Ever seen a good runner? They run a lot. In Kenya, where the best marathoners in the world are currently being trained, kids run ten miles to and from school every day.

Good swimmers? Swim a lot. Five hours and more a day. They aren't afraid of swimming because to them it's just like breathing. They don't even have to think hard to do it, most of the time.

That's the way it should be with writing. Writing is a skill at base, not an art. It is a method of communication. Anyone should be able to learn how to string sentences together so that they make sense.

But there are so many rules to follow. Teachers are eager to correct every tiny grammar mistake in red ink. They insist on using a formula for writing an essay, not a bad plan to begin with, but foolish when it is used too stringently.

Creative writing is almost unheard of in schools today. Teachers don't know how to teach it, for one thing. But more than that, kids are afraid of it. Everyone is afraid of it. All they can think about it is everything that they might do wrong.

This is where my fairy tale workshop comes in. Everyone knows a bunch of fairy tales. They know the structure of a fairy tale, how it begins, the three steps in between, and then the ending. So I have the class choose a single fairy tale and use it as a rubric. They can change it any way they like, but they have to begin with the fairy tale we've agreed on. It isn't meant to tie hands. It's meant to give a structure with which you can play and then expand on. Because that's what writing is. It's taking something and playing with it until it's your own thing.

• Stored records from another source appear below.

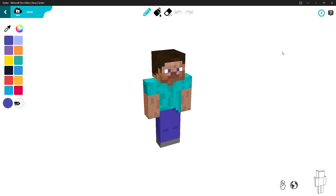Hey guys, welcome to another video. I'm doing a Tinker tutorial on how to make a skin, and after that I'll show you how to export it into Minecraft Bedrock. Let's get right into it.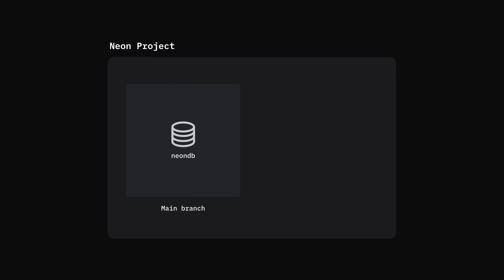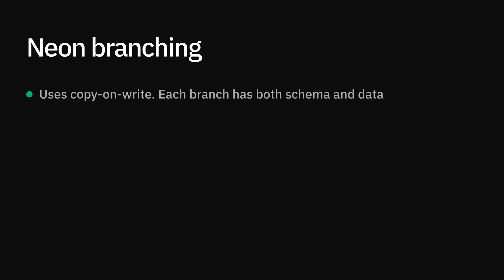Neon enables you to work with your data the same way you work with code. You can instantly create isolated copies of your data, we call branches, and use them as part of your workflow. Neon branching uses copy-on-write, so each branch instantly has both the schema and data.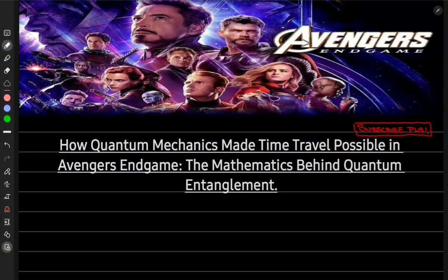Have you ever wondered how time travel was possible in the blockbuster movie Avengers Endgame? In this video, we are going to dive into the world of quantum mechanics and explore the mathematical concepts behind entanglement, and we're going to talk about the grandfather paradox as well. We are also going to learn how quantum entanglement allows for communications and information transfer across time, and how the branching timeline idea sidesteps the issue of logical paradoxes. We'll explore the possibilities of time travel through the lens of mathematics and theoretical physics.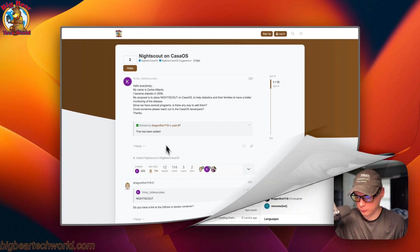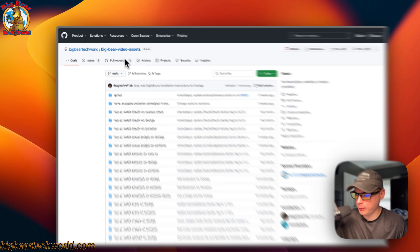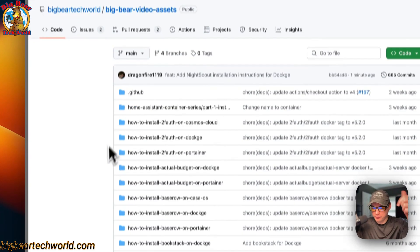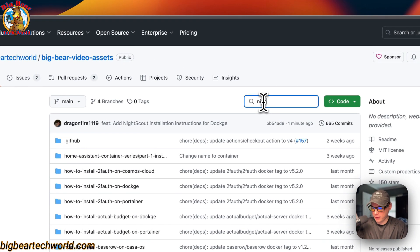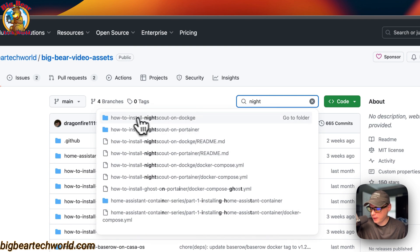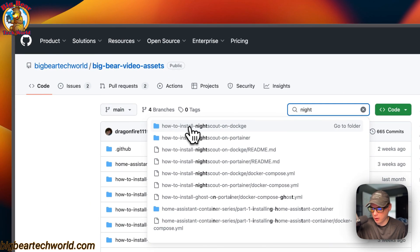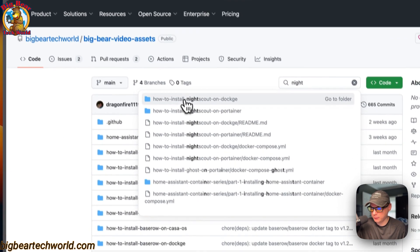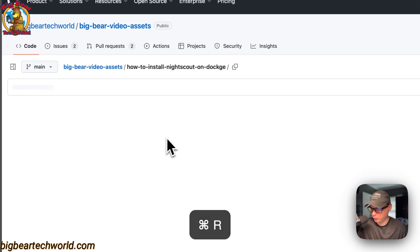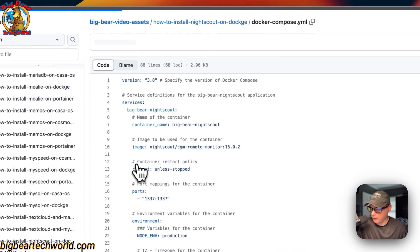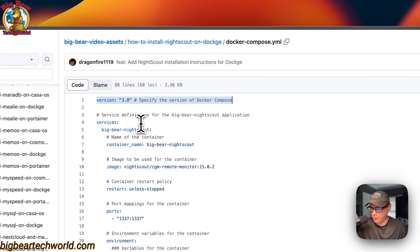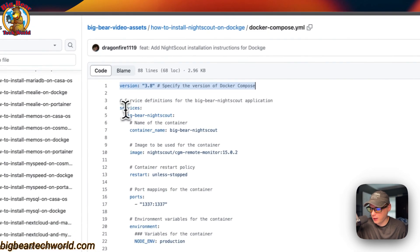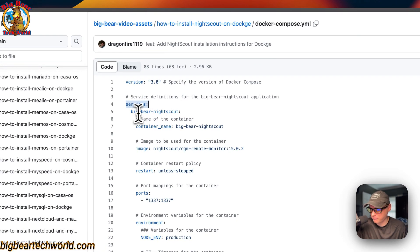Let's get started. I'm on Big Bear Video Assets — there will be a link in the YouTube description to get here. I'm going to the search and typing 'night,' and now you can see 'How to install Nightscout on Dockage' right here. I'm going to go to the Docker Compose file — version 3.8 of the Docker Compose file format is being used, and I'm setting up some services.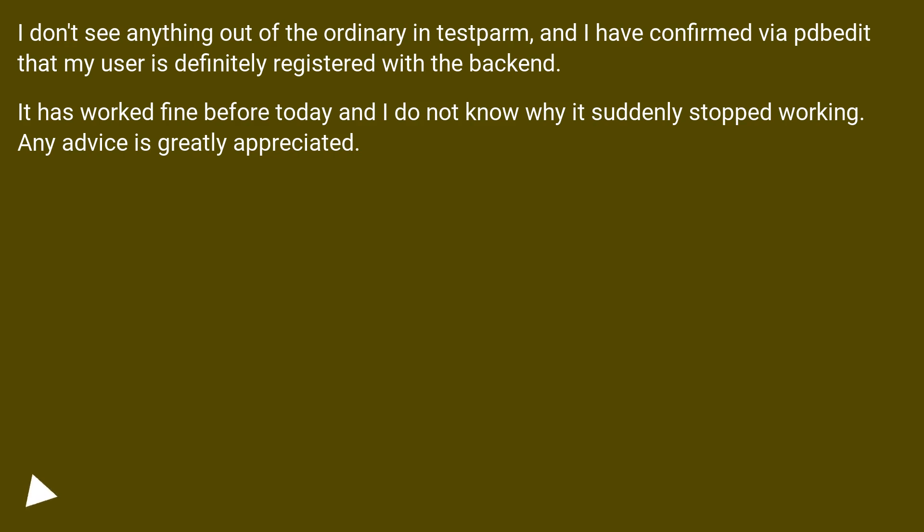I don't see anything out of the ordinary in testparm, and I have confirmed via pdbedit that my user is definitely registered with the backend. It has worked fine before today and I do not know why it suddenly stopped working. Any advice is greatly appreciated.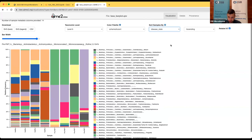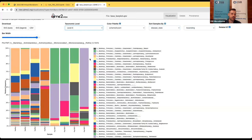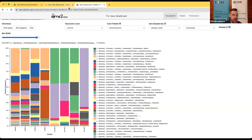We can also sort by other sample metadata and look at other taxonomic levels. If you scroll over any part of the bar plot you can see the associated taxonomic assignment at the top of the plot as well as the percent relative abundance of that taxon within a sample.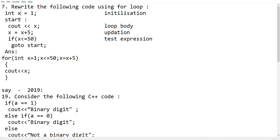This is the start. We will write a label. This is the increment. This is the context expression. This is the loop body. This is the four elements.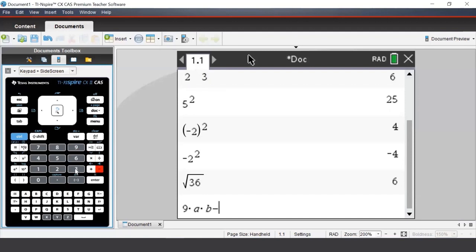When typing our algebraic expressions, you must put a multiply sign between any coefficients and any pronumerals.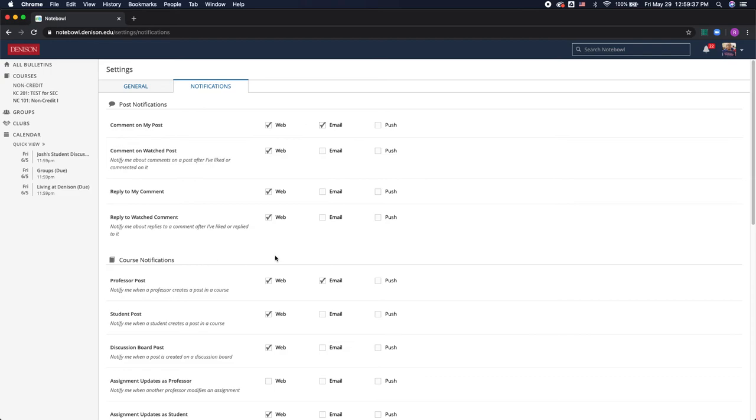I think it's important to make sure that you're receiving an email every time a professor posts. It just keeps you in the loop of what you need for your classes and makes sure you're prepared.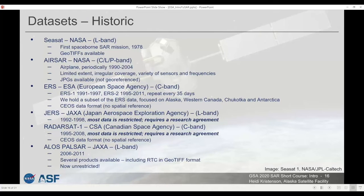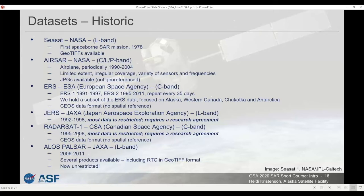ASF has a number of historic datasets from both NASA and partner agencies, dating back to the first spaceborne SAR mission in 1978 with NASA's SEASAT. These are historic missions — no longer active — but the data is archived and available for download, useful for comparing with historic data. A couple of datasets from partner agencies are restricted, requiring a research agreement submission, though it's still free. Those are the JERS and RADARSAT-1 missions. Everything else requires no additional permissions.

Some people play more with it, and I'm probably one of those, who twists a retelling all out of shape until it's hardly recognizable anymore. But it begins with the admission that you are not going to write something original. It's not supposed to be original. It's just supposed to be a version of an old story.

You know the saying that there are only two stories and all the others are a variation on them? Well, it's true, in a way. But the variations are endless. And readers read because they want both: they want the old story and they want the variation. Some want more of one, and less of another, but they all want both. If they wanted something completely original, it would be utterly incomprehensible. Completely original is the same as alien. If it has nothing in common with what has gone before, it would mean nothing. Believe me, you wouldn't like it.